◆ EXERCISE INSTRUCTIONS:
Only the lines containing "Drive" should appear in the answer, copied from the listing below.

◆ INFORMATION SUPPLIED:
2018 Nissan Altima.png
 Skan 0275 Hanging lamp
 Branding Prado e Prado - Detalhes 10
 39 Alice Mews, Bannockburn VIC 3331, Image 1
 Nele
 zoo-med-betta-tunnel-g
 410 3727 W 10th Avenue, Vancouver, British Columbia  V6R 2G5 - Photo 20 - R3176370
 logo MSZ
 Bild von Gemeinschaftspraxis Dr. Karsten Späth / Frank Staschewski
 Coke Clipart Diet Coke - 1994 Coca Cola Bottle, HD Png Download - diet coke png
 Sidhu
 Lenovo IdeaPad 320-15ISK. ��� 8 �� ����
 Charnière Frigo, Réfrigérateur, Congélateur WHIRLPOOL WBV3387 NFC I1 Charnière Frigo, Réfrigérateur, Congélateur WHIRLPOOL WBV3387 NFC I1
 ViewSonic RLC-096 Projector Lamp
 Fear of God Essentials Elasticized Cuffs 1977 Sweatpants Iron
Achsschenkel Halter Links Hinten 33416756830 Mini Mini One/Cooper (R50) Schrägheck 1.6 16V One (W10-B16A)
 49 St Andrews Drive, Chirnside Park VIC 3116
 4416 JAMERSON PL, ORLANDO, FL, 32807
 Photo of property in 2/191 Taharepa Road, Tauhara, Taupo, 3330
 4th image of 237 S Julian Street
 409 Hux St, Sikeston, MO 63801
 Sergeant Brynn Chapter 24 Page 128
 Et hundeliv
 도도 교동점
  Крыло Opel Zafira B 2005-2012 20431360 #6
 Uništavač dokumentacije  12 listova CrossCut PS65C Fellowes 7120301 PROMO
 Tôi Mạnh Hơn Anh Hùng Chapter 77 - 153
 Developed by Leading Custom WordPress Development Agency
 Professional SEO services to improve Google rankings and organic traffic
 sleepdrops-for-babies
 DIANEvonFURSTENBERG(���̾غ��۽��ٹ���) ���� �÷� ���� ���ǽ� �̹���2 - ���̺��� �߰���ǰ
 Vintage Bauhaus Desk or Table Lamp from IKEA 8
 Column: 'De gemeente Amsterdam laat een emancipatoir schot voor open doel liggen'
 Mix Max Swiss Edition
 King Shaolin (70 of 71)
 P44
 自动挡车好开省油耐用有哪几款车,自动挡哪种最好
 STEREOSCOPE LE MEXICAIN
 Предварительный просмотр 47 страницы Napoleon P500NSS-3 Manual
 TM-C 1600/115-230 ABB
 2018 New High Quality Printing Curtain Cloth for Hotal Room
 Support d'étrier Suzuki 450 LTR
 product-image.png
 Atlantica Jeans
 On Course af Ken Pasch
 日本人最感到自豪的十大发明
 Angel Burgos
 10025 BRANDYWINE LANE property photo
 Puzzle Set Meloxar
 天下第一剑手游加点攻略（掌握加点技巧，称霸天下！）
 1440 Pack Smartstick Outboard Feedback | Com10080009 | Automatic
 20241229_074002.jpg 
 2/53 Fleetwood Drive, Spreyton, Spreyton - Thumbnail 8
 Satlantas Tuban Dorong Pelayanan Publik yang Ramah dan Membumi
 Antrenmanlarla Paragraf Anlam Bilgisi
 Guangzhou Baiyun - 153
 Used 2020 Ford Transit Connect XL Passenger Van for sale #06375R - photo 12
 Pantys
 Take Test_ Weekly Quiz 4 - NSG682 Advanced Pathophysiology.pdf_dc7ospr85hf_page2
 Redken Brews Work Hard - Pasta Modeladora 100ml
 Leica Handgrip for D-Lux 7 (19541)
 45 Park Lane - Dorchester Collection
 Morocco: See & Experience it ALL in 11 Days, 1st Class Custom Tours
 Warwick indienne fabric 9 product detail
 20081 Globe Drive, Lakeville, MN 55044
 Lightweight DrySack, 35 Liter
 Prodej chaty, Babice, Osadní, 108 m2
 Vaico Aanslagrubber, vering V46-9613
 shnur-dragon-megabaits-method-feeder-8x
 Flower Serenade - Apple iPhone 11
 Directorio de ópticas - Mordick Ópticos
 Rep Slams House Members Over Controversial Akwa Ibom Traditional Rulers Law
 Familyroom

◆ RESULT OF THIS EXERCISE:
 49 St Andrews Drive, Chirnside Park VIC 3116
 2/53 Fleetwood Drive, Spreyton, Spreyton - Thumbnail 8
 20081 Globe Drive, Lakeville, MN 55044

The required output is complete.